CG: Honestly I’m gonna have to go Option C and pick the Chris-Brown-dressed-as-off-set-Leto-Joker-editor-in-chief of the alt-weekly Karen McLaren is writing for, who basically says “I’m trying to fuck you but I like your writing” in a scene about GIVING IT ALL TO THE STORY. They hook up. Anything can happen on the Strip.

Also, doesn’t Sisto basically figure out who the serial killer is within like…. 20 minutes of the show? Given that they’re kind of making Bass out to be like the ‘80s L.A. Hannibal in terms of just how deep his design goes, I have no idea why this show is showing you all of its cards. It’s like slamming cards up your nose, actually.

WCW: The odd thing about the detective side of the show is that it’s literally so banal that it’s hard to even pay attention enough to make sense of what’s happening. They slam the cards up, until you’re like “No, these can’t be the cards,” and your eyes glaze over. An easy conclusion, though, is that everyone is super bad at their job. The undercover cop throwing coke around the club, the wiry asshole partner and Sisto — who is just like so worried and emotionally fraught about nothing all the time that he can’t make any good decisions about how to catch this person. Feels like Bass is so savage that he’s making himself unbelievably easy to catch.
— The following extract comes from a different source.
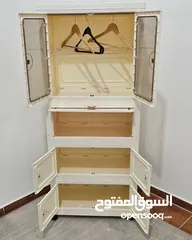  5 أيقونة التنظيم والجمال خزانة فانتازيا الذكية  مش مجرد خزانة هي قطعة فنية ذكية بتحول اي زاوية لانيقة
With plots like this — especially the whole thing in the last episode when they are scrambling for a full half-hour to figure out the whereabouts of the missing girl Westwick left the club with — you have to sort of throw logic and any concern with stakes out the window. Wicked City is just like this savage tsunami of sex, drugs, rock’n’roll and undirected psychosexual tension, where everyone talks to each other like robots set to “Dumb Noir,” makes up this fake idea of what the ‘80s was like, and turns the drama to 11. In that way, it’s kind of like the TV equivalent of Orgy’s cover of “Blue Monday.” It’s hard to explain, but it’s actually pretty Sick. What do you feel like the Sickest element of the show is, C? Where’s the appeal for you?

CG: It’s the Strip, man. The fucking Strip.

Also, the face-smashing ‘80s references to pull you into the time. Peter Frampton billboard? The Whiskey? “Tainted Love,” cuz ‘80s. I’m all in.

WCW: Everything is becoming cluttered with prestige TV, and it’s hard to give a particular, furrowed-brow fuck about any of it. Gone are the days of Mad Men Season 4 watercooler talk; there are too many choices to really unify behind any particular one show.

We need more outright Strip-heavy savagery like Wicked City on the bad TV tip. We need the ABC-friendly bathroom key bumps, awkward threesomes, forced cultural references and the ghoulish, Chuck Bass-core, bug-eyed psycho-mugging and dramatic chin juts to keep coming in full force. Then we can pretend we’re plowing through an 8-ball and blasting “Dangerzone” on repeat in a windowless shag-carpeted basement for the rest of time — or at least, until the end of the season. Chances are, it’ll just be one.

CG: Anything can happen on the Strip.